Action item: Wherever the line that contains "Rothco Men's Honor" falls, repeat it and the lines after it exactly until the records end, without any pictures.
▬▬▬▬▬▬▬▬▬▬
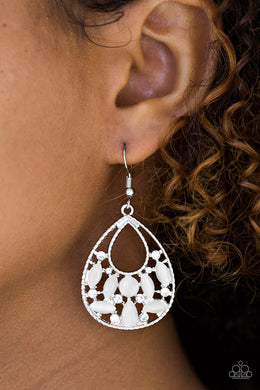 Just DEWing My Thing - White Earrings Paparazzi Accessories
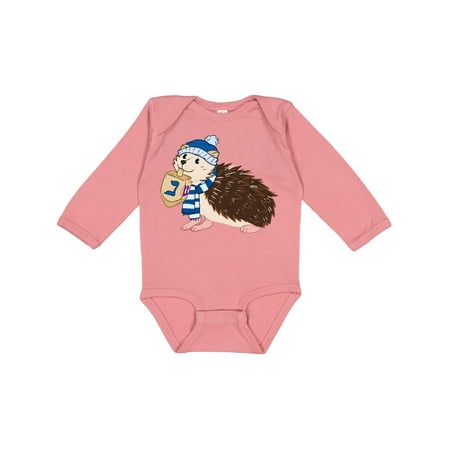 

Inktastic Hanukkah Hedgehog in Scarf and Hat in Dreidel Gift Baby Boy or Baby Girl Long Sleeve Bodysuit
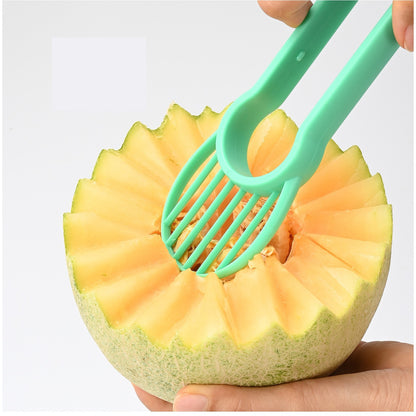 Ustensila bucatarie 4 in 1 pentru taiat si decorat fructe Flippy, material inox si plastic, compact, 28x6.2 cm, verde-7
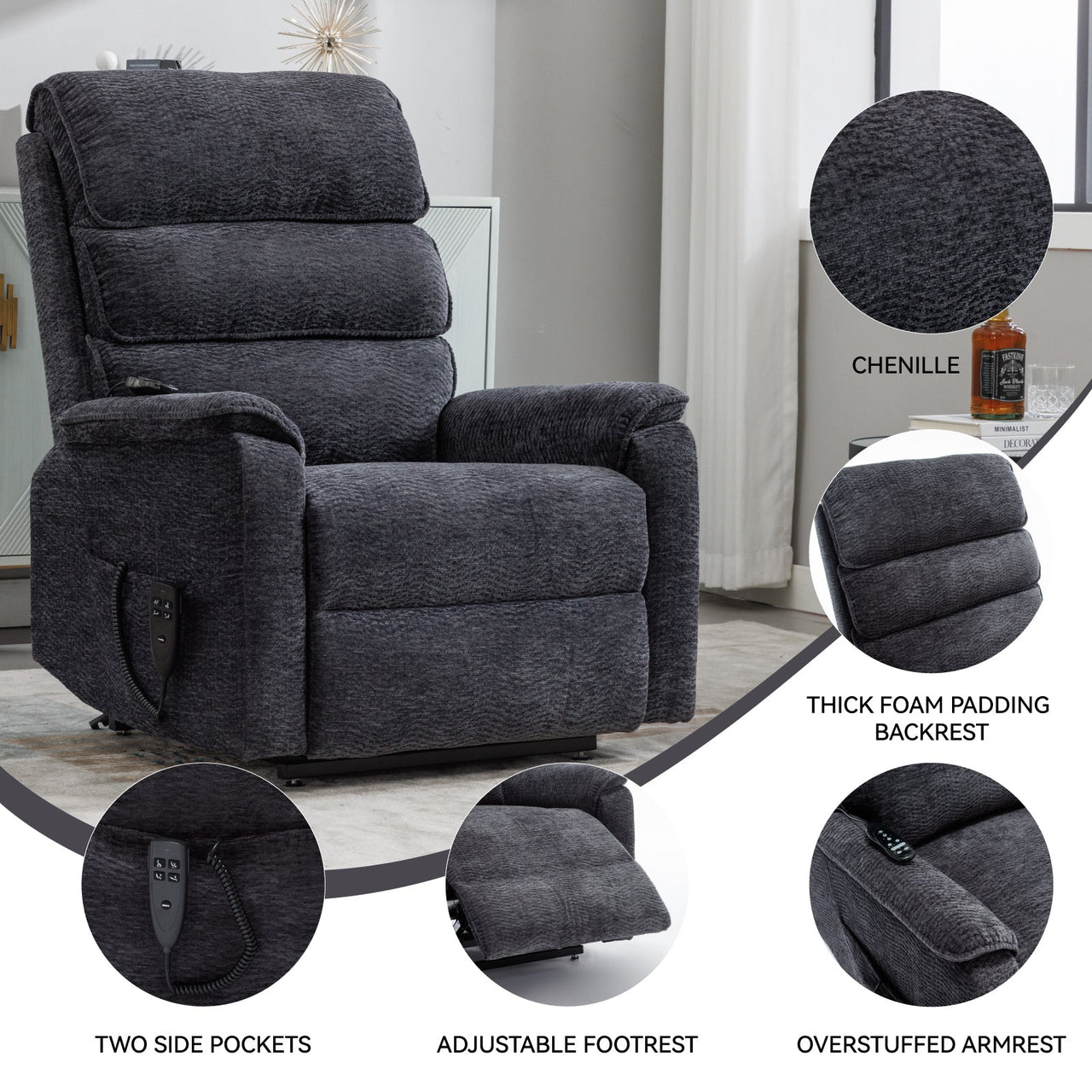 COZYLift 35" Recliner with Heat Massage - 7880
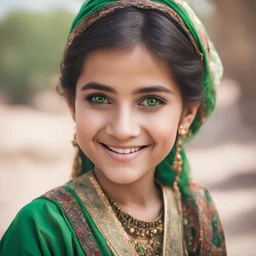 Pakistani Pushto Girl smiling & has green lenses with traditional dress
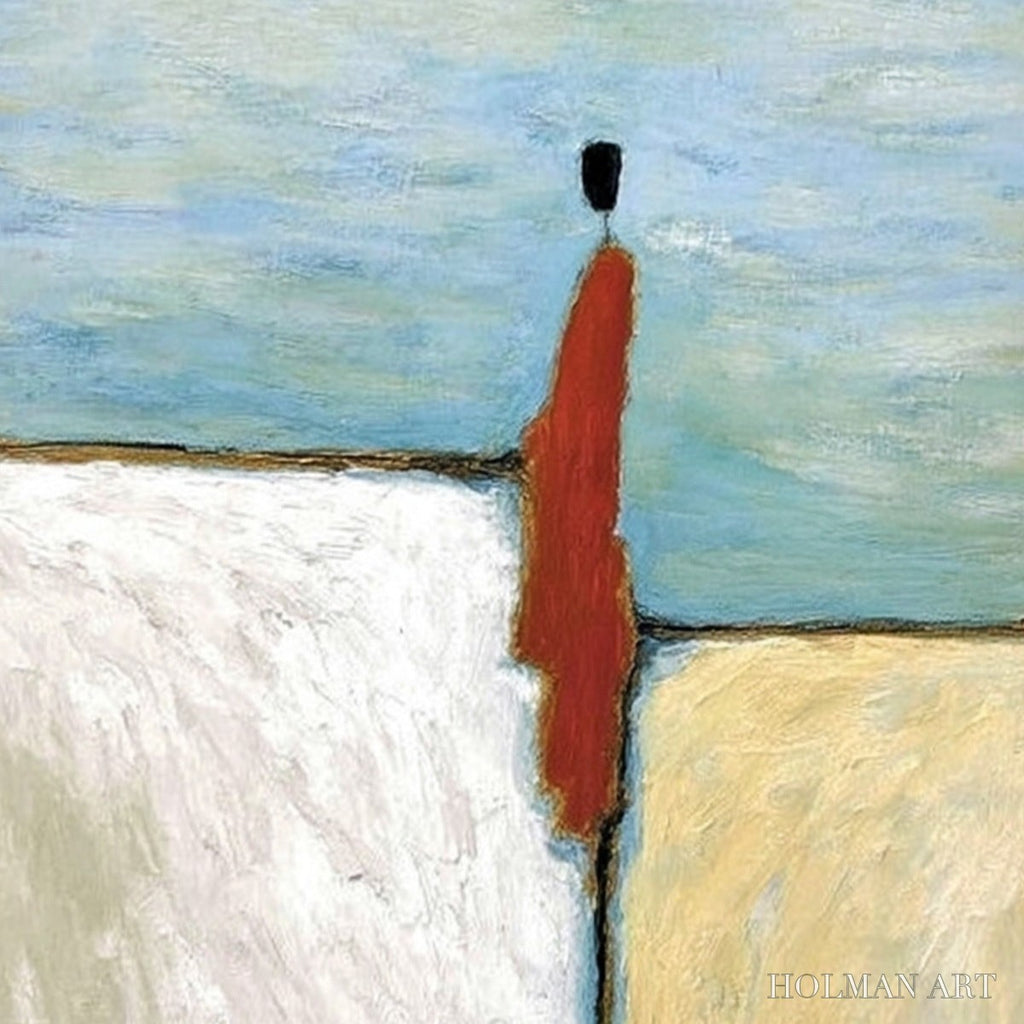 HOLMAN ART the Watcher – Minimalist Figurative Abstract Textured Painting - image 3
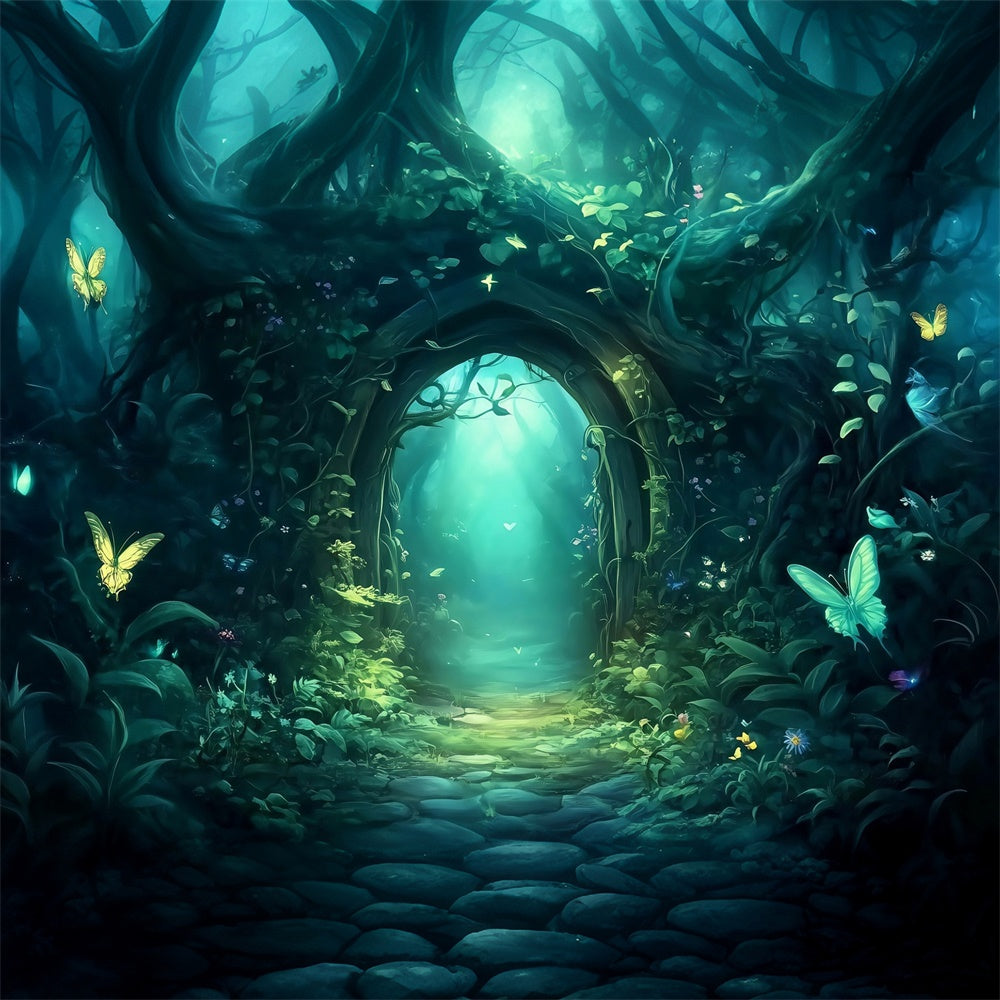 Enchanted Forest Backdrops Twilight Butterfly Arch Backdrop UK MRR7-91
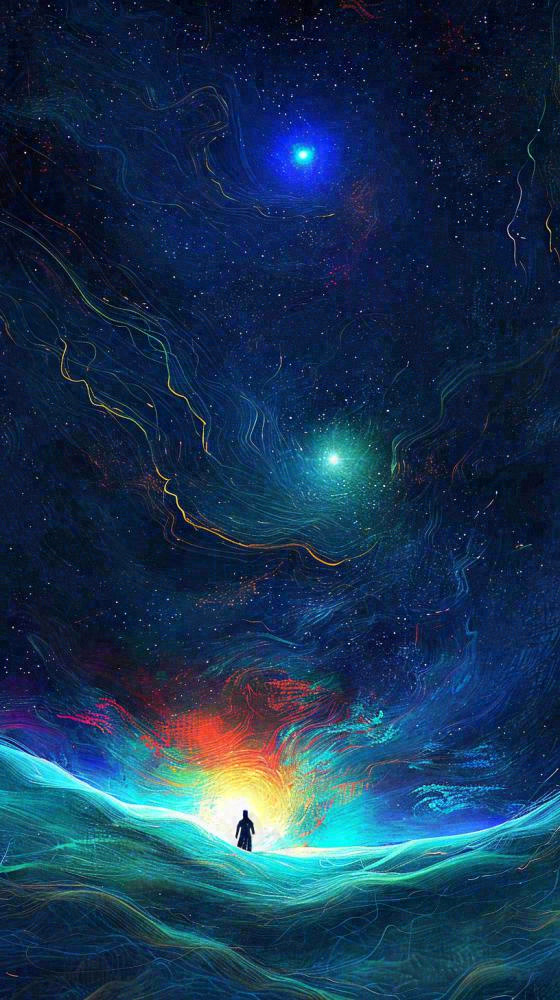 夜晚天空科幻绚丽星空(816x1456)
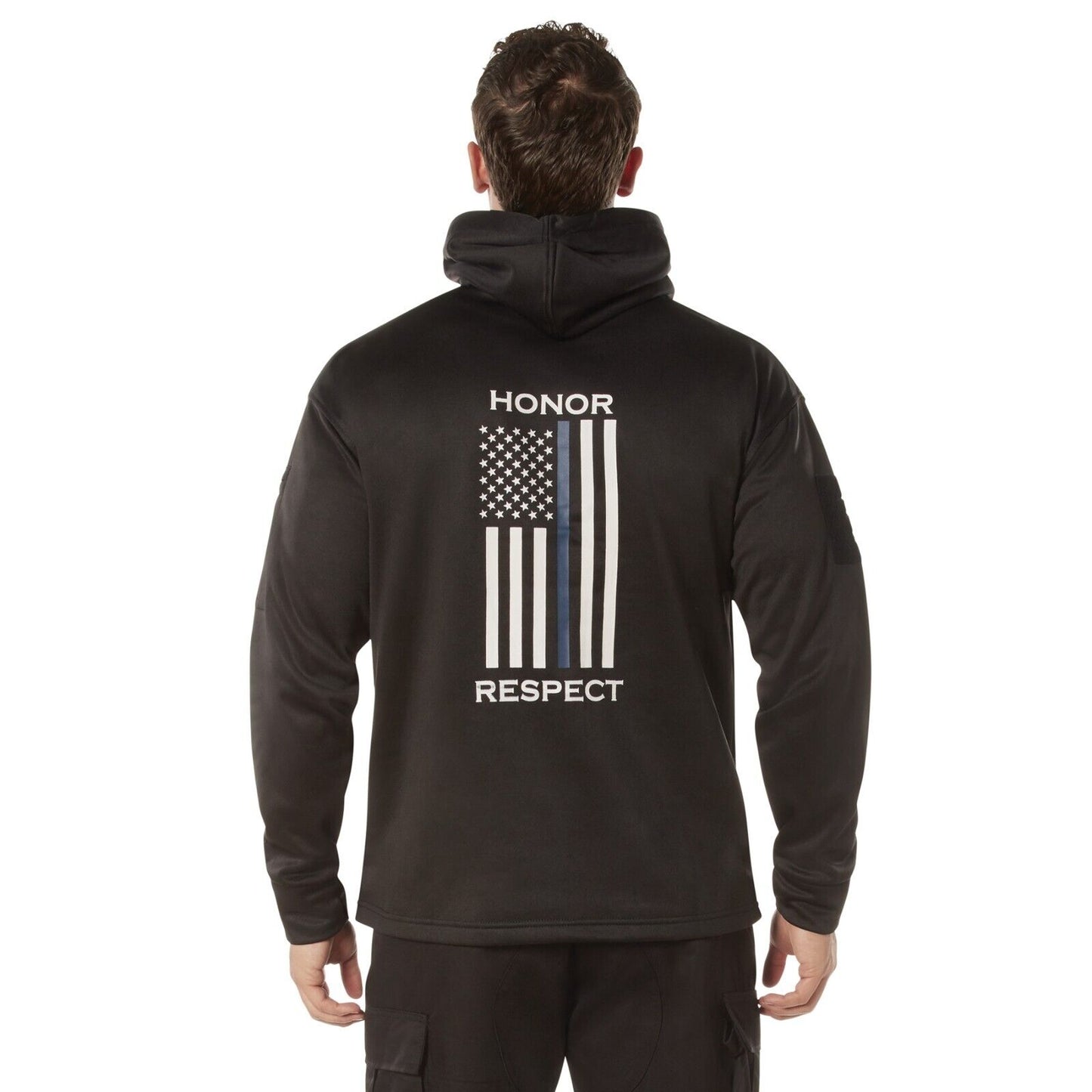 Rothco Men's Honor and Respect Thin Blue Line Black Concealed Carry Hoodie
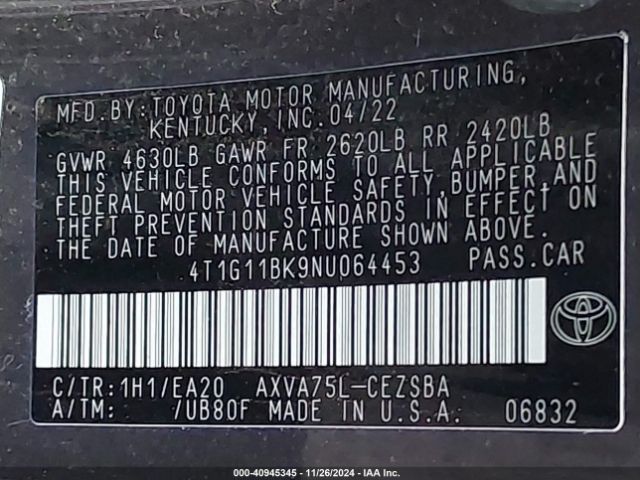 4T1G11BK9NU064453 Toyota Camry Se Awd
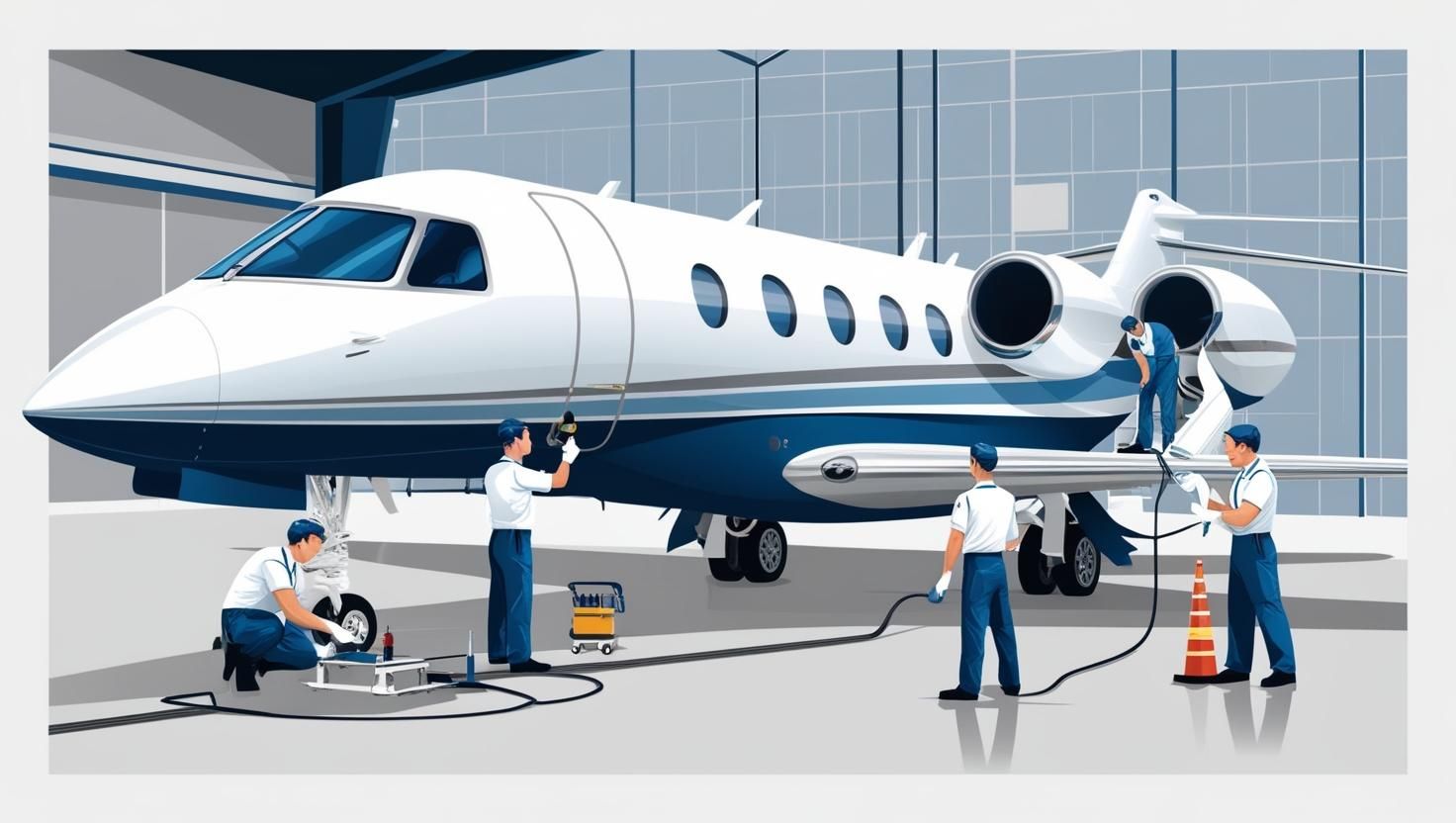 A group of men are working on a private jet in a hangar.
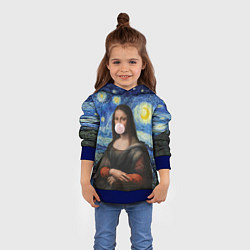 Толстовка-худи детская Мона Лиза Приколы - Звездная ночь, цвет: 3D-синий — фото 2
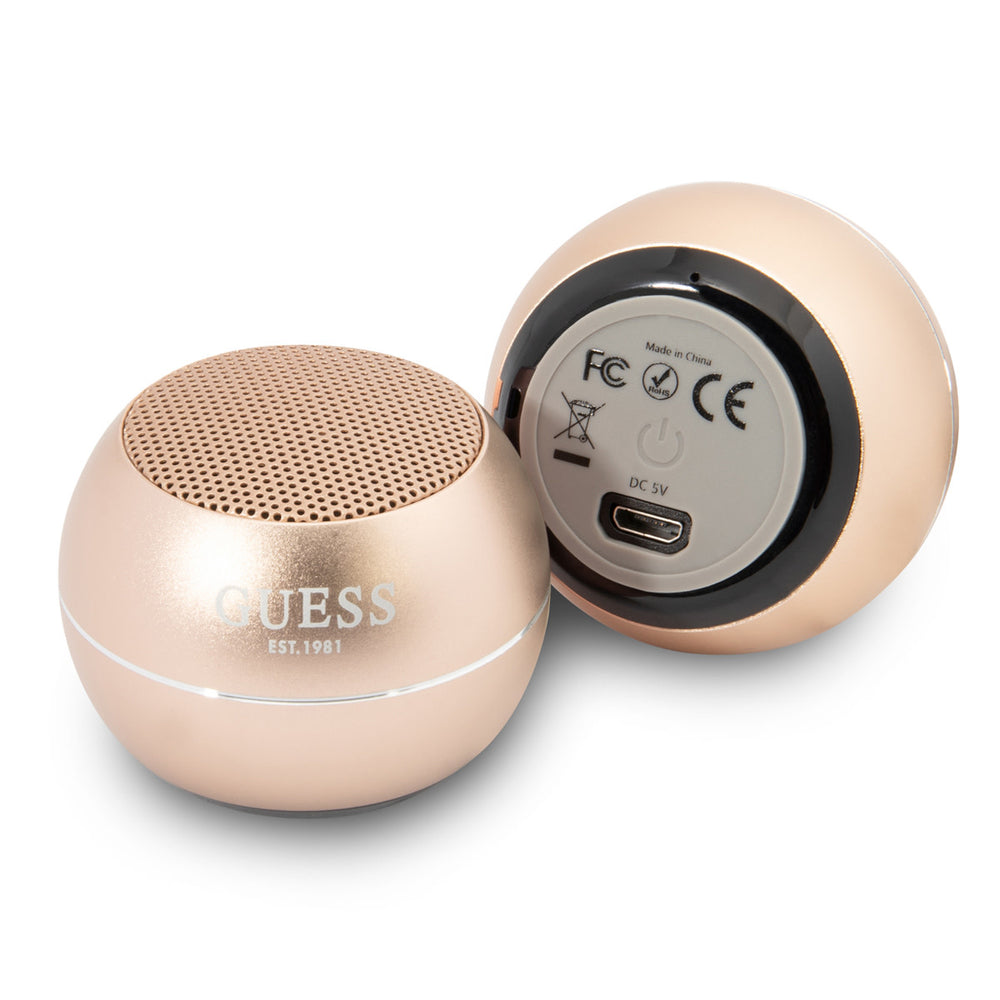 Guess Mini Bluetooth Speaker - 3W vermogen & 4 uur speeltijd - Goud-In-ear koptelefoon-Ilumina Benelux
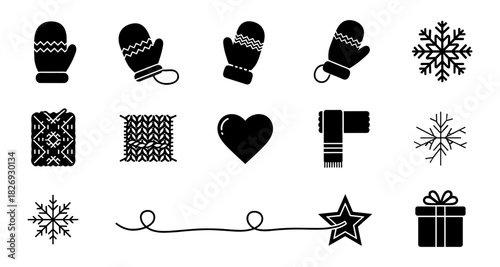 Winter silhouette icons with mittens, snowflakes, heart, and gift elements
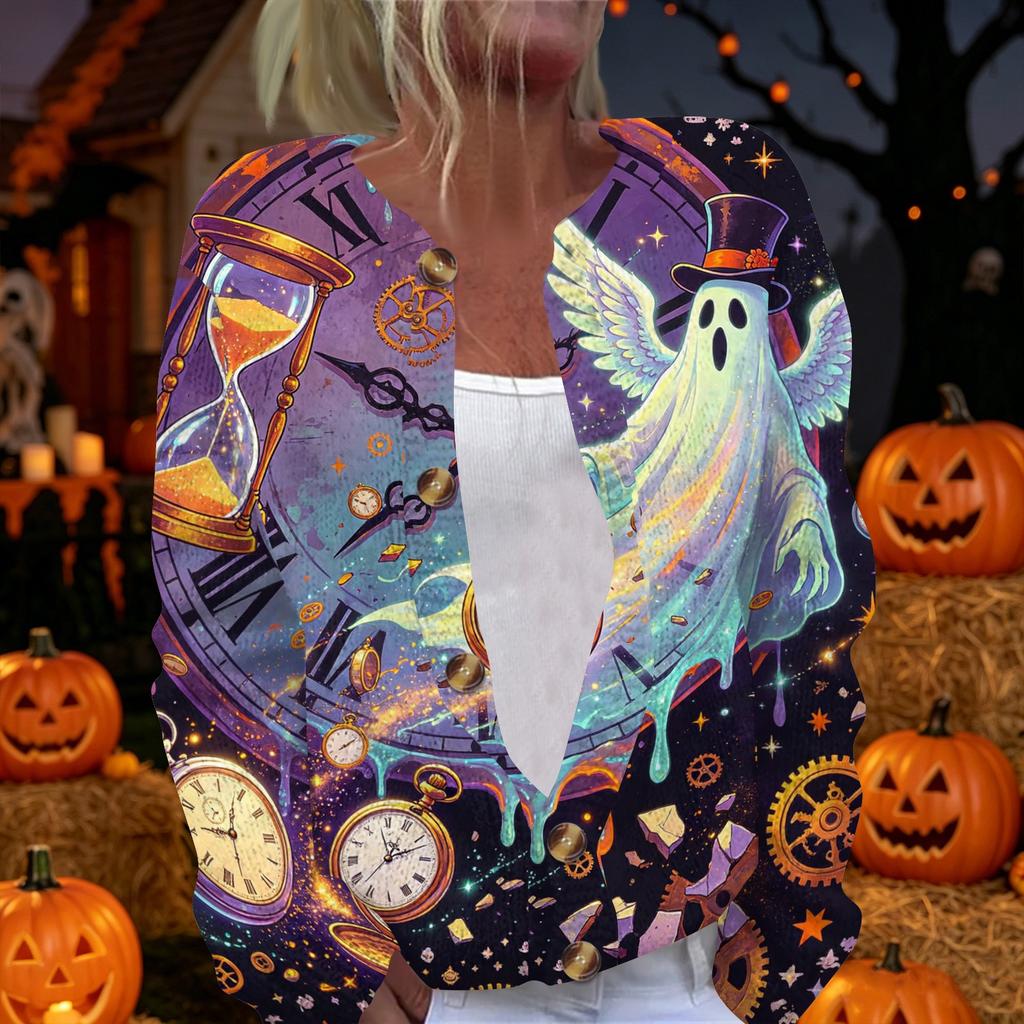 Women's Halloween Print Long Sleeve Knitted Cardigan Button Front Sweater Lightweight Soft Fabric Casual Outerwear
▬▬▬▬▬▬▬▬▬▬
Finished task:
 Rothco Men's Honor and Respect Thin Blue Line Black Concealed Carry Hoodie
 4T1G11BK9NU064453 Toyota Camry Se Awd
 A group of men are working on a private jet in a hangar.
 Толстовка-худи детская Мона Лиза Приколы - Звездная ночь, цвет: 3D-синий — фото 2
 Guess Mini Bluetooth Speaker - 3W vermogen & 4 uur speeltijd - Goud-In-ear koptelefoon-Ilumina Benelux
 Winter silhouette icons with mittens, snowflakes, heart, and gift elements
 Women's Halloween Print Long Sleeve Knitted Cardigan Button Front Sweater Lightweight Soft Fabric Casual Outerwear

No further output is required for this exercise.